[PICTURES & VIDEO] Inside Campaign against Genocide Museum

The first room provides a summary of the context of the deployment and engagement of the famous ‘600’ RPA soldiers. All photos by Dan Nsengiyumva

Rwanda on Saturday, July, 4, will mark the 26th anniversary of the Liberation Struggle, which culminated in the stopping of the 1994 Genocide against the Tutsi.

In honour of the young men and women who undertook the daunting task to liberate the country from the genocide machinery, the Government, among others, opened a museum at the Parliamentary Buildings in Kimihurura depicting their bravery and patriotism.

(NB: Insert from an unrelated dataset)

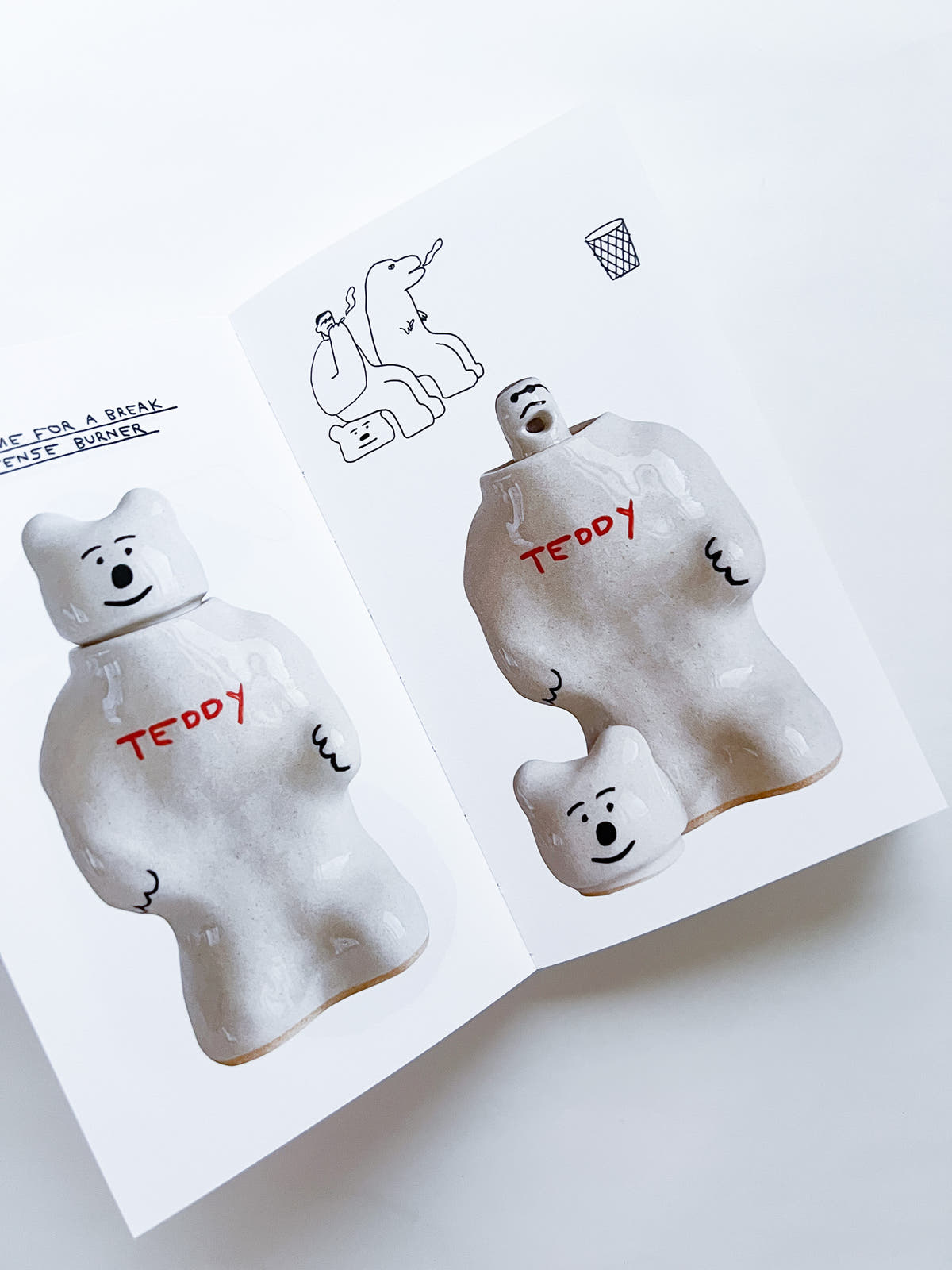 Handmade / Kim Sujin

Inaugurated in December 2017, the Campaign Against Genocide Museum is located at the same building which was home to the 600 gallant men and women of the Rwanda Patriotic Army (RPA), who had come to town as part of efforts to implement a transitional unity government under the Arusha Accords.


The peace deal collapsed when the government of the time started the Genocide in April 1994, which had claimed the lives of over one million people by the time the RPA stopped the killings in July of that year.


When the killings started, the few hundreds of the RPA’s 3rd battalion men and women stationed at the former CND building were forced to immediately undertake a rescue campaign in and around the City of Kigali, many paying the ultimate price. Many lives were saved as a result.  

“The first lesson people should learn from here is the courage and values that characterised the soldiers that stopped the Genocide and liberated the country,” said Medard Bashana, the Manager of the museum.

He praised the bravery and sacrifices of the RPA fighters, saying younger generations have plenty of lessons to learn from them.

“They are our heroes in every sense,” he said, underlining the core values of the Rwanda Patriotic Front (the political organisation that formed the RPA) of patriotism, integrity, valour and selflessness.

He called on particularly young people to visit the museum, adding that it would help them better understand the country’s liberation struggle and how they can play a meaningful role in sustaining the gains of the liberation.

To tour this rich historic site, one needs a national ID, or passport, and to Rwf4,500.

Here, you learn about preparations for the Genocide against the Tutsi by the then regime in Kigali.

A statue of two artillery RPA soldiers engages the enemy at the rooftop of the Parliament Buildings. They were particularly fending off attacks from at Camp GP in Kimihurura.

The 3rd Battalion receives reinforcement on April 11, three days after fighting broke out.

RPA soldiers in action as they overrun Rebero Hill.

RPA soldiers did not only engage the enemy forces but they also undertook risky operations to rescue people around the city.

Taking care of the wounded, including both civilians and combatants.

A statute honouring all the RPA soldiers who died in the liberation war of 1990-1994.

The biggest statue at the Campaign Against Genocide Museum, which embodies the story of the ‘600’ leadership and subsequent triumph of humanity over evil.

The liberation marked the promise of new beginnings, optimism and hope for a bright future for both country and its people.